#### [Exercise instructions]
Copy nothing but the line with "Hello guys, welcome" and the lines that follow it to the end of the entries below, and keep the pictures out.

---------- Records shown

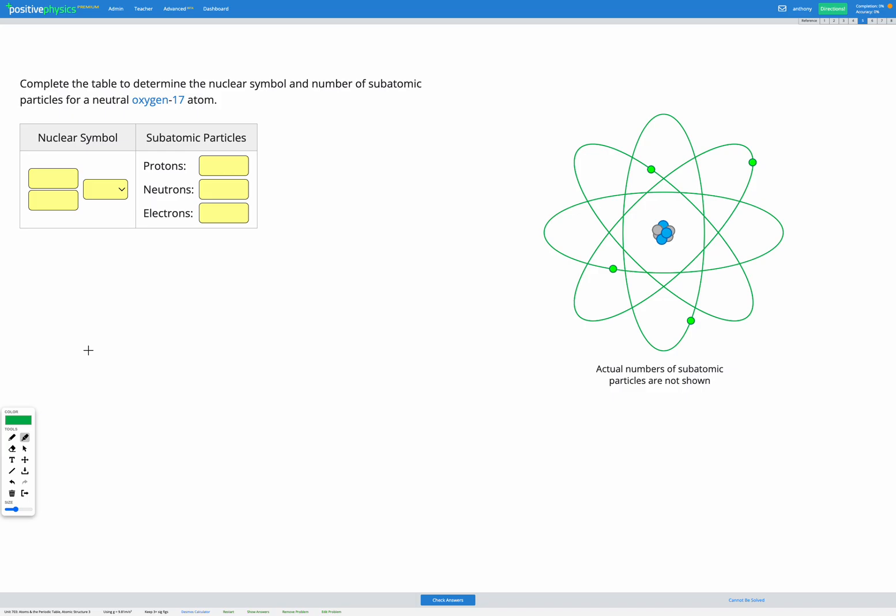In this question we're asked to determine the nuclear symbol and number of subatomic particles for a neutral oxygen 17 atom.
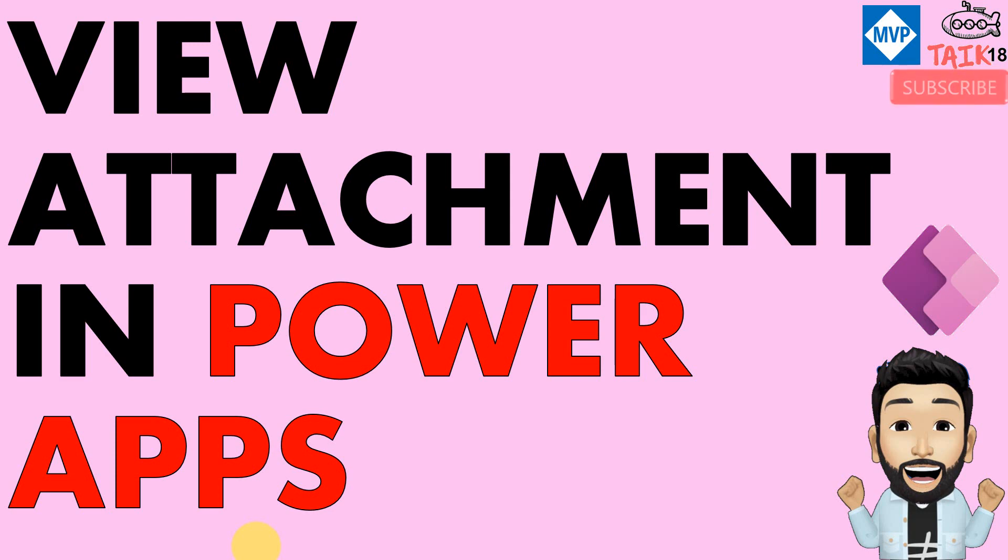Hello and welcome to Tech. I am Mohamed Adnan, and in this video we are going to discuss how to view the attachment which is coming in PowerApps.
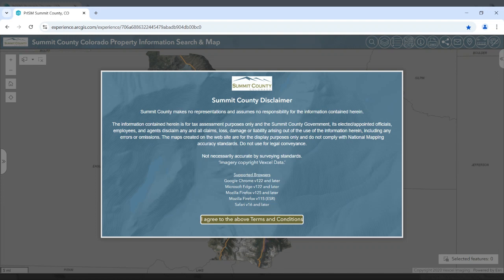Hello and welcome to the new Summit County Property Information Search and Map Tool, also known as PRISM. The existing tool has been around for a while and served the county well, but all good things come to an end, so we sent them into retirement. This demo will show the functionality of the website and how to navigate the various tools.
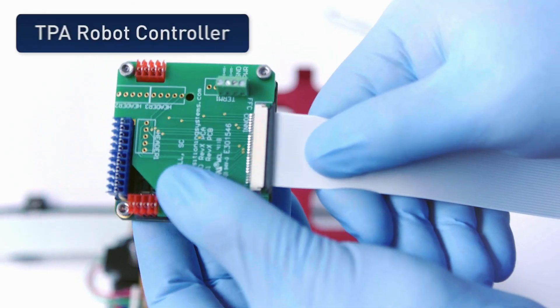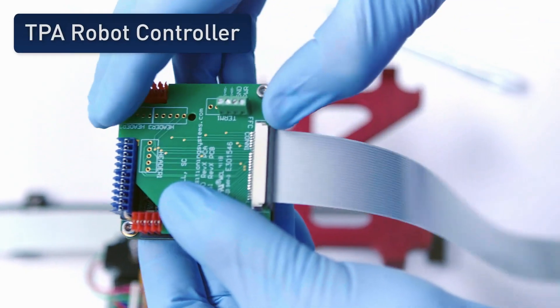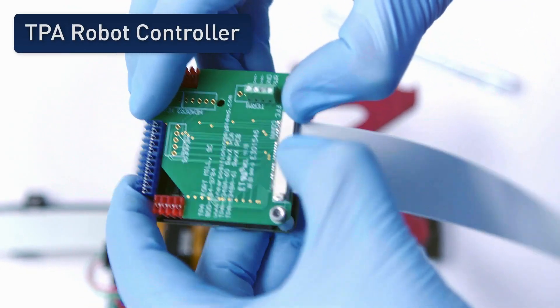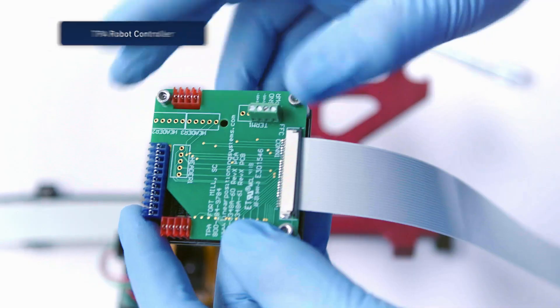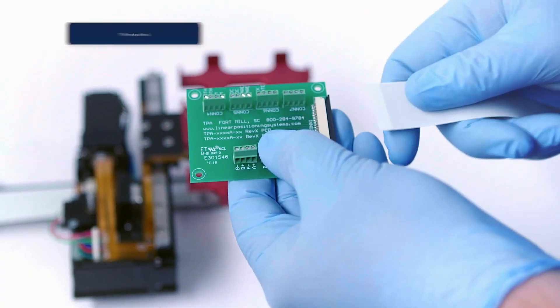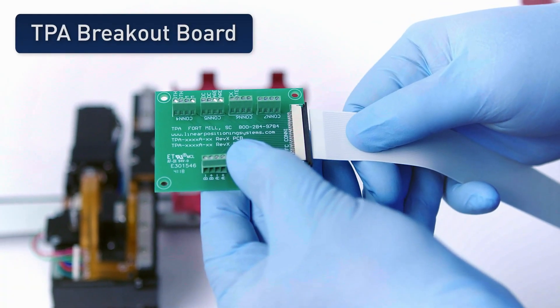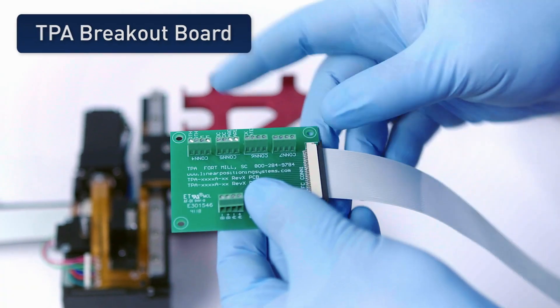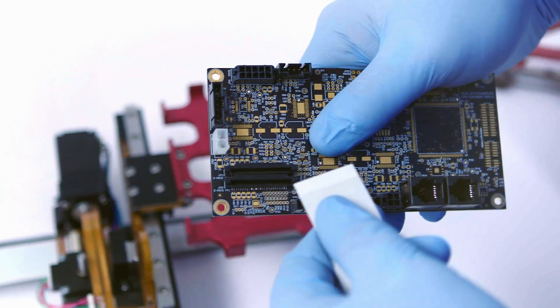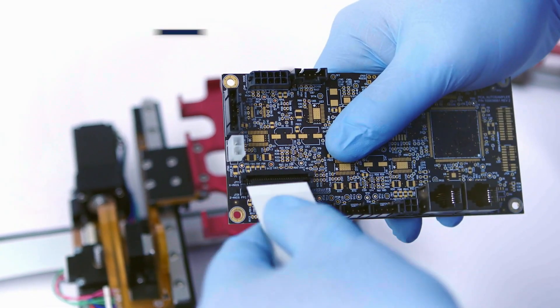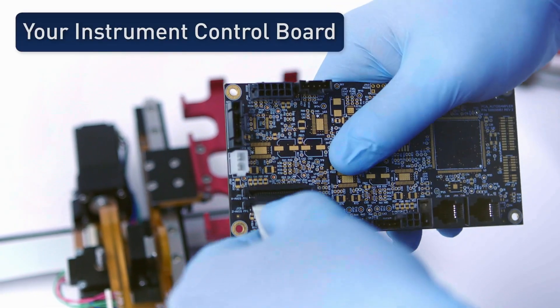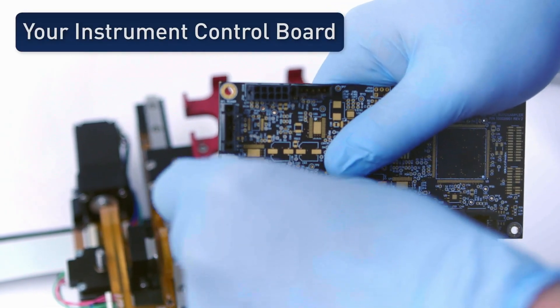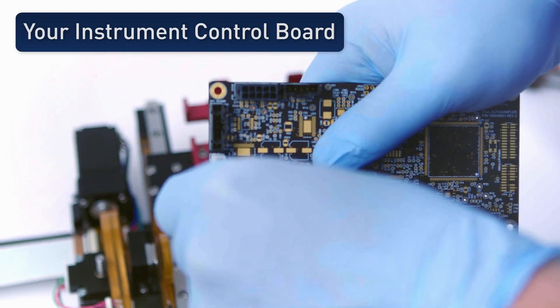That single FFC can plug directly into TPA's mini robot controller or connect into a breakout board for easy wiring into an off-the-shelf controller or connect directly into an instrument control board that you design yourself.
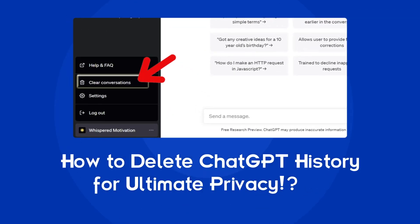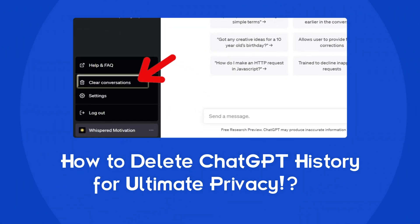Hello guys, welcome back to our channel Android Data Recovery. In this video, I will show you how to delete ChatGPT history in detailed steps. So, let's start the video.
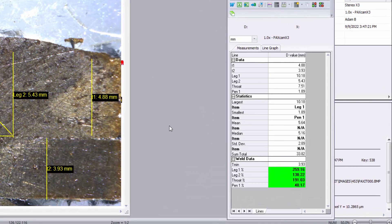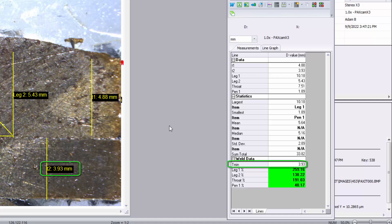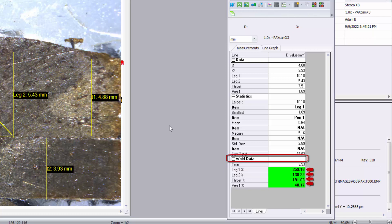Calculations and tolerances may be configured to display real-time pass-fail results in the measurement totals window. By designating a common line title for material thickness measurements — in this example, all lines named T — Paxit identifies the lowest value as Tmin, a common denominator used by most weld specifications to determine passing or failing measurements. The weld data section displays each measurement's ratio to Tmin as a percentage, which can then be assigned pass, fail, and borderline tolerances using Paxit's tolerance spec feature.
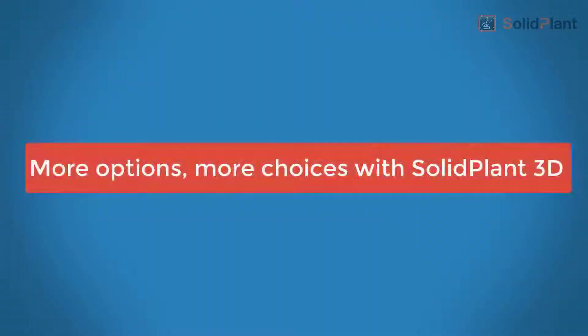Comprehensive plant design for SOLIDWORKS. Fast and easy. That's Solid Plant 3D.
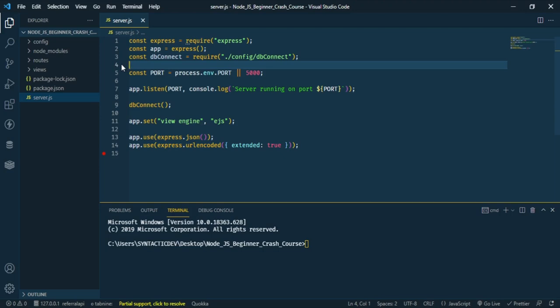Welcome back to my channel. In our last video we learned how to connect to a MongoDB database using Mongoose, and in today's video we are going to be learning how to save data to the MongoDB database.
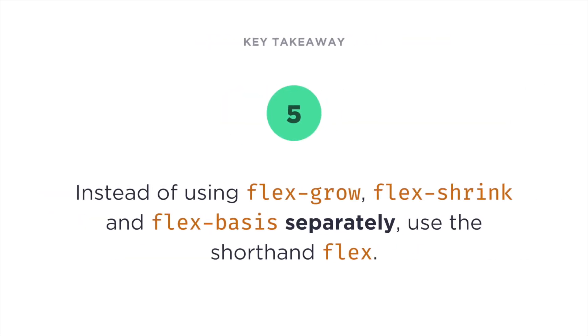Finally, number five, instead of using flex-grow, flex-shrink, and flex-basis separately, use the shorthand flex. All right, and that's about it for this video. Don't forget, you can also check out the original article written by Anna Monis, using the link in the description below. Thank you very much for watching. I'm Adi, and until next time, take care.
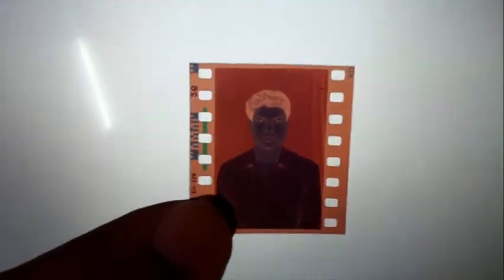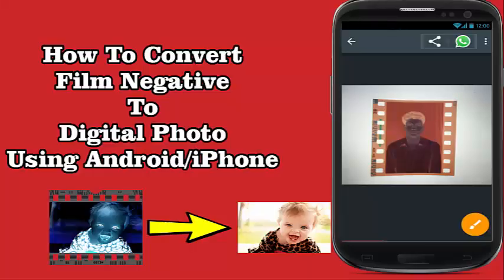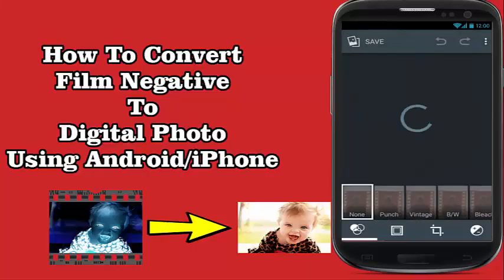First, take the film negative and put it under a bright background. Here I am using a laptop screen as a light background. Using your Android phone, take the photo of the negative.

--------------------

#### [Task solution]
Hello guys, welcome back to our channel Android Data Recovery. In this video, I will show you how to delete ChatGPT history in detailed steps. So, let's start the video.
Calculations and tolerances may be configured to display real-time pass-fail results in the measurement totals window. By designating a common line title for material thickness measurements — in this example, all lines named T — Paxit identifies the lowest value as Tmin, a common denominator used by most weld specifications to determine passing or failing measurements. The weld data section displays each measurement's ratio to Tmin as a percentage, which can then be assigned pass, fail, and borderline tolerances using Paxit's tolerance spec feature.
Comprehensive plant design for SOLIDWORKS. Fast and easy. That's Solid Plant 3D.
Welcome back to my channel. In our last video we learned how to connect to a MongoDB database using Mongoose, and in today's video we are going to be learning how to save data to the MongoDB database.
Finally, number five, instead of using flex-grow, flex-shrink, and flex-basis separately, use the shorthand flex. All right, and that's about it for this video. Don't forget, you can also check out the original article written by Anna Monis, using the link in the description below. Thank you very much for watching. I'm Adi, and until next time, take care.
First, take the film negative and put it under a bright background. Here I am using a laptop screen as a light background. Using your Android phone, take the photo of the negative.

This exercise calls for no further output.